BEGIN

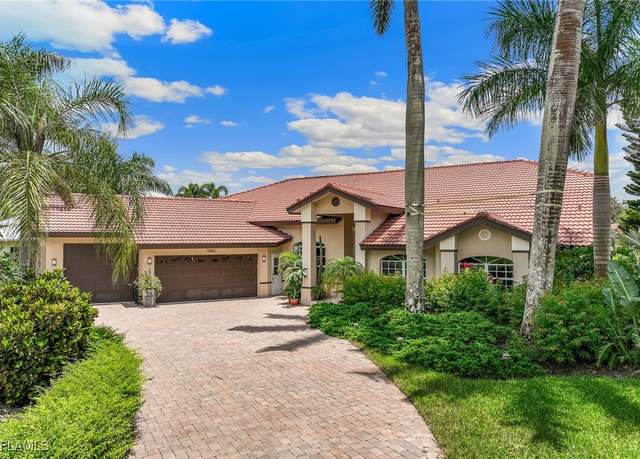Property at 11840 Longshore Way W, Naples, FL 34119, 3 beds, 2.5 baths
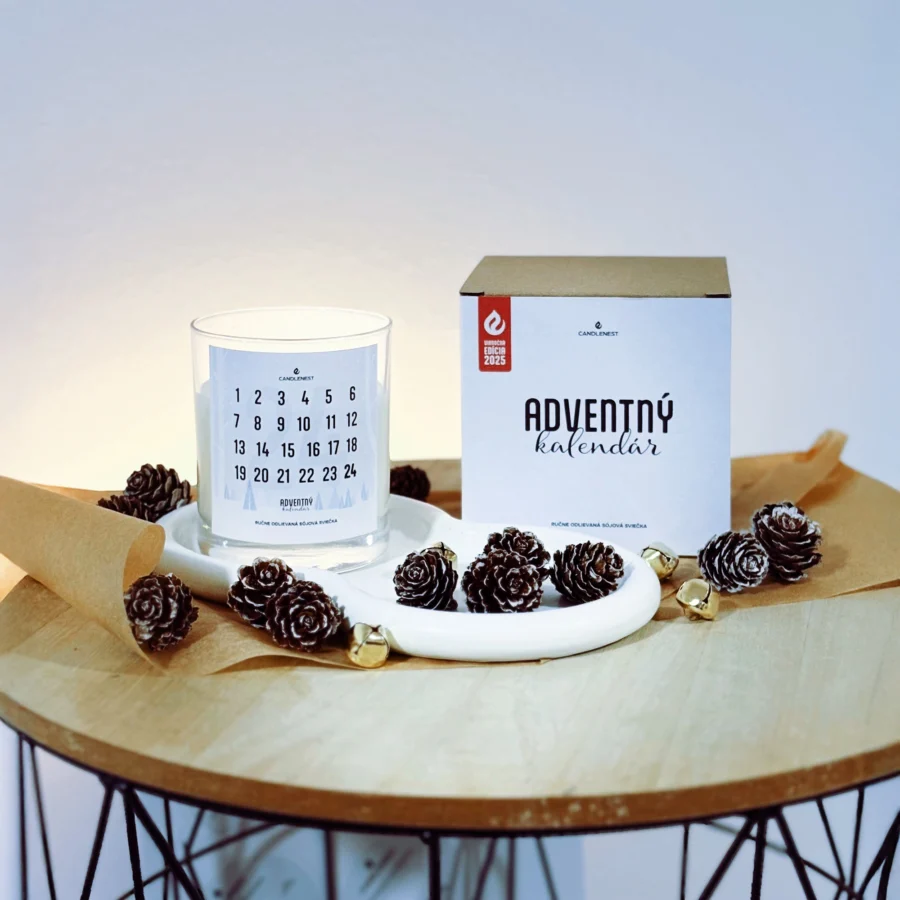 Sviečka Adventný kalendár Candlenest vianočná sójová vonná sviečka s praskajúcim dreveným knôtom – prírodná eco friendly ručne robená sviečka so zimnou vôňou, ideálny vianočný darček na sviatočnú atmosféru.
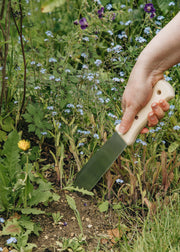 Niwaki S-Type Hori Hori Weeding Trowel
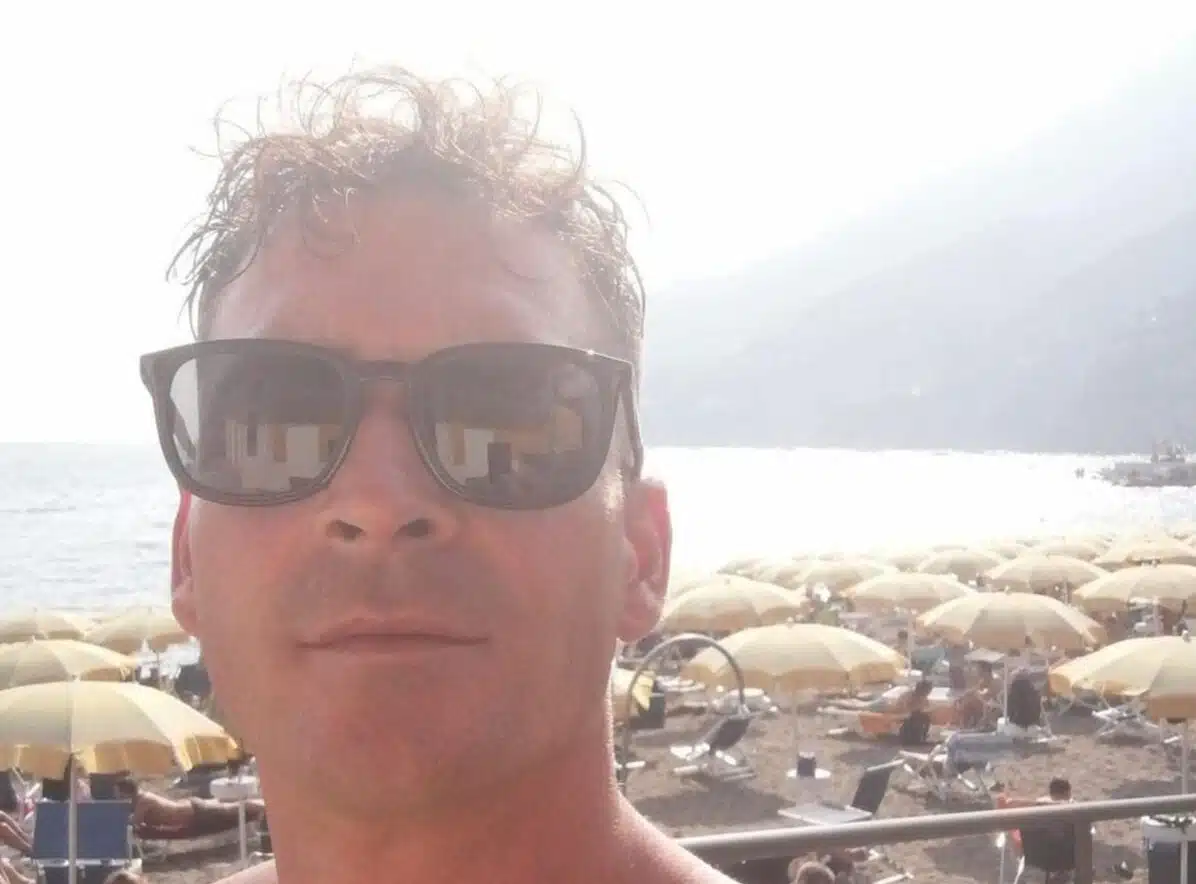 Tragedia a Torre del Greco: muore 40enne di Scafati in un incidente in scooter, grave un minore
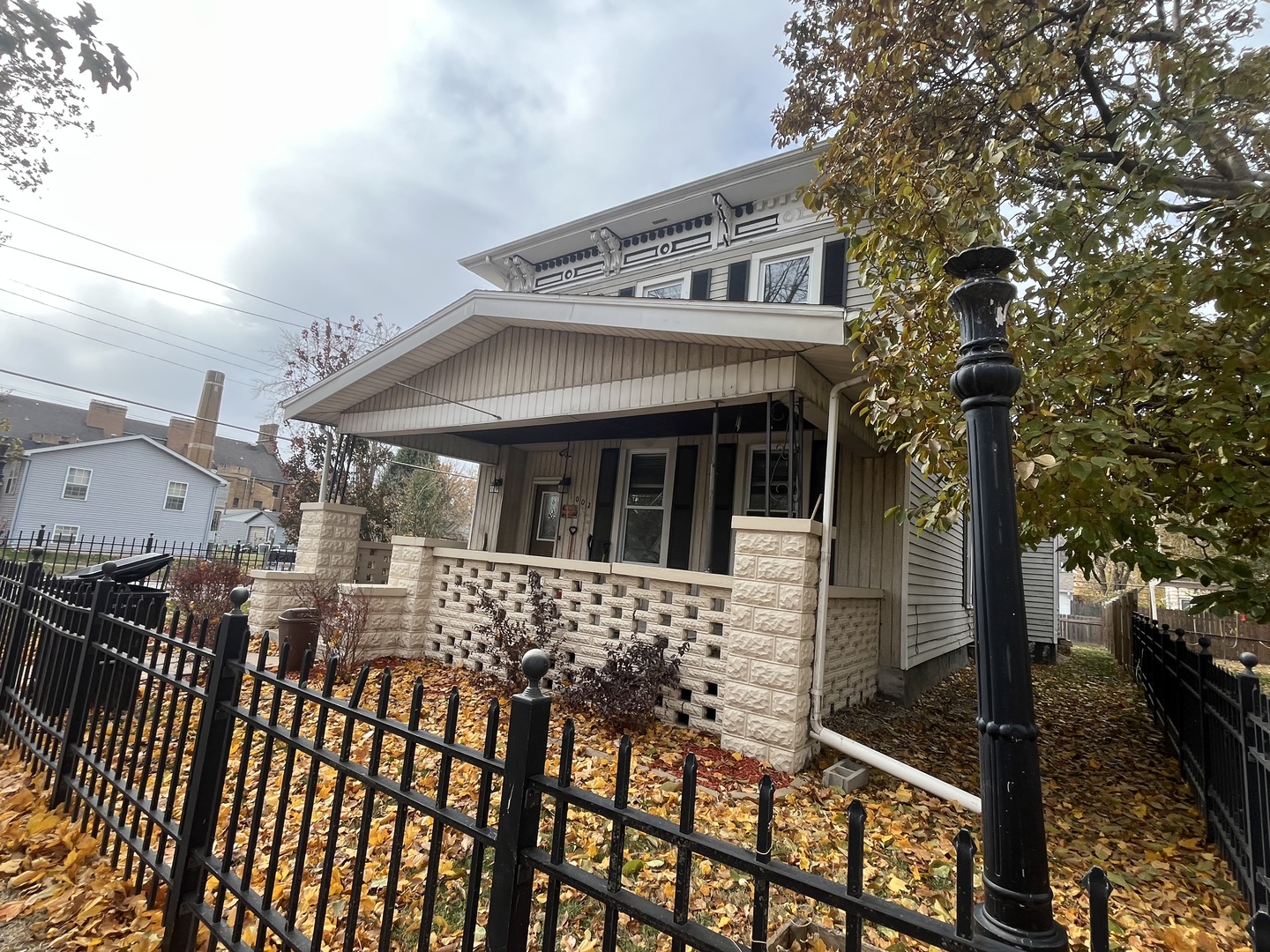 1002 N Roosevelt Avenue, Bloomington, IL 61701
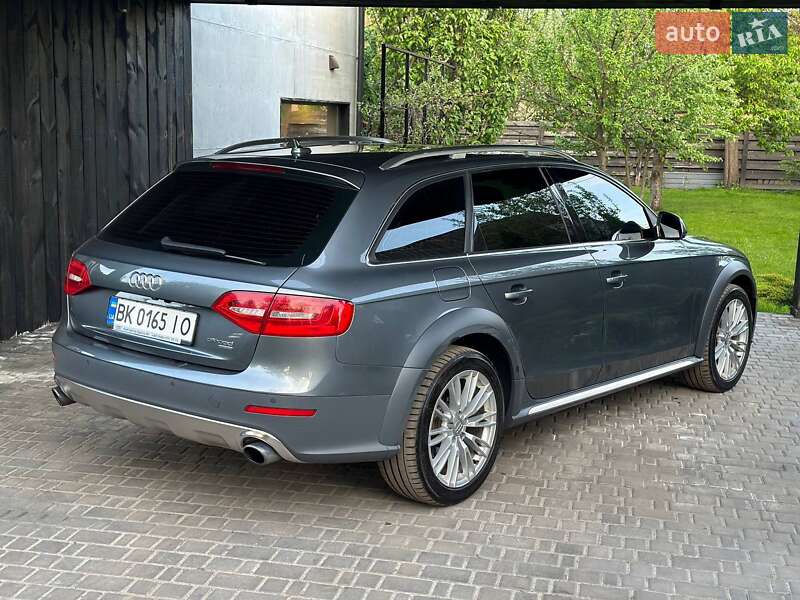 Універсал Audi A4 Allroad 2012 в Києві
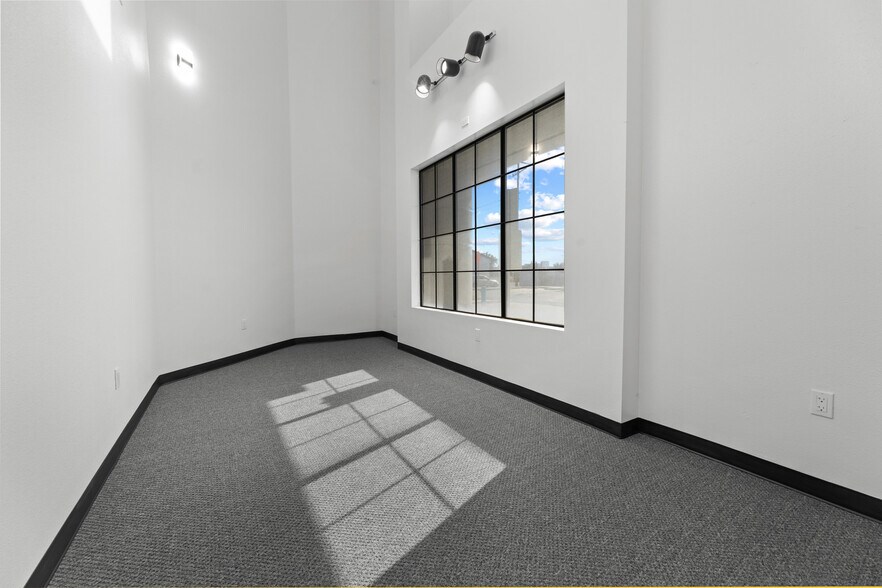 More Photos Of 2008 W Dorothea Ave, Visalia Freestanding For Lease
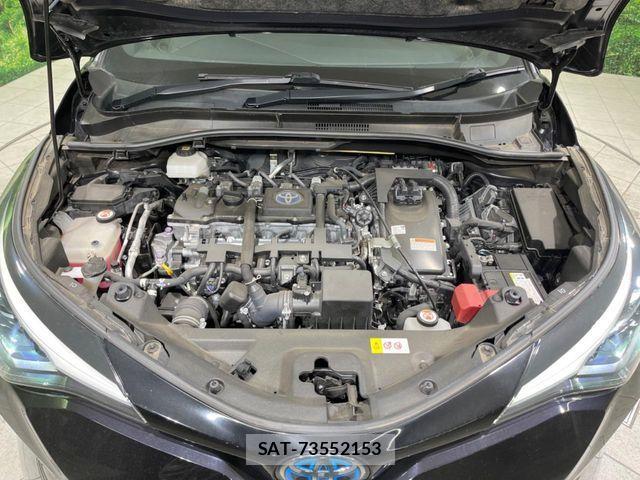Toyota C-HR 2021-10 4588794-17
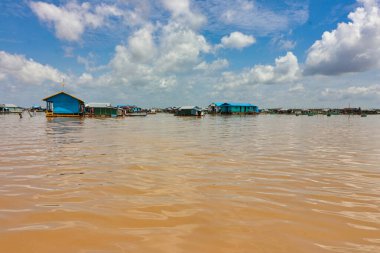 Tonle Sap Gölü 'nde yüzen evler - Siem Reap, Kamboçya, Asya' daki Kamboçya 'nın en büyük tatlı su gölü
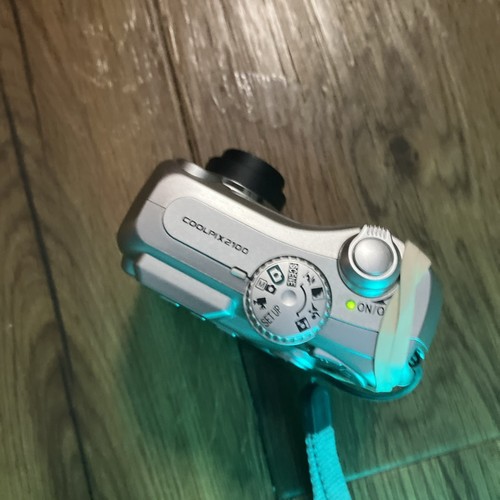 Nikon Coolpix 2100 Vintage Retro Digital Camera Silver Tested Working - Picture 4 of 9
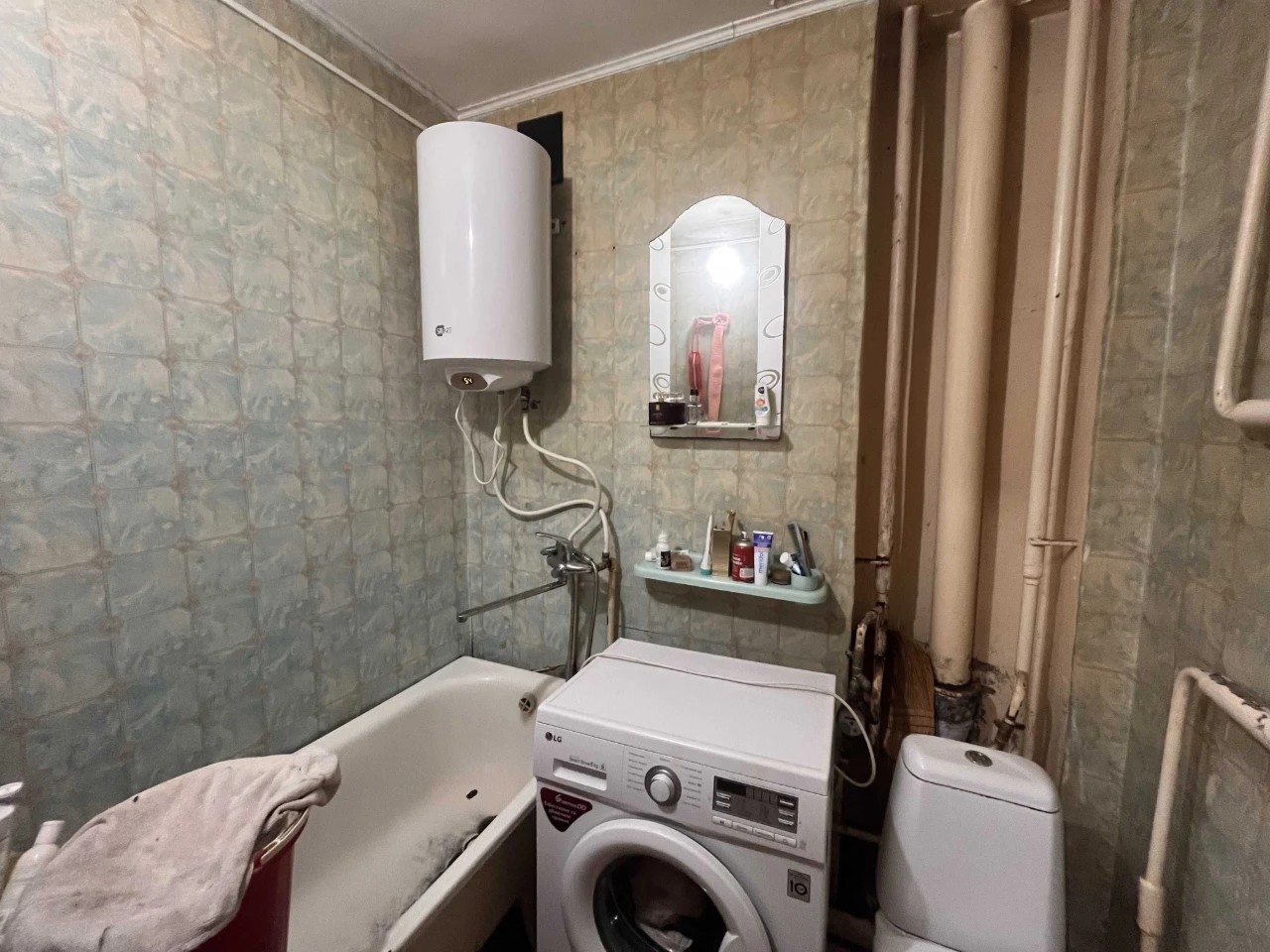 1 apartment in a brick building in the city of Chonomaorsk, NEGOTIABLE!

END

◆ **Activity**: No pictures belong in the output. Restate word for word only the lines from the one containing "Toyota C-HR 2021-10 4588794-17" to the end of the entries above.

◆ **Exercise solution**:
Toyota C-HR 2021-10 4588794-17
 Tonle Sap Gölü 'nde yüzen evler - Siem Reap, Kamboçya, Asya' daki Kamboçya 'nın en büyük tatlı su gölü
 Nikon Coolpix 2100 Vintage Retro Digital Camera Silver Tested Working - Picture 4 of 9
 1 apartment in a brick building in the city of Chonomaorsk, NEGOTIABLE!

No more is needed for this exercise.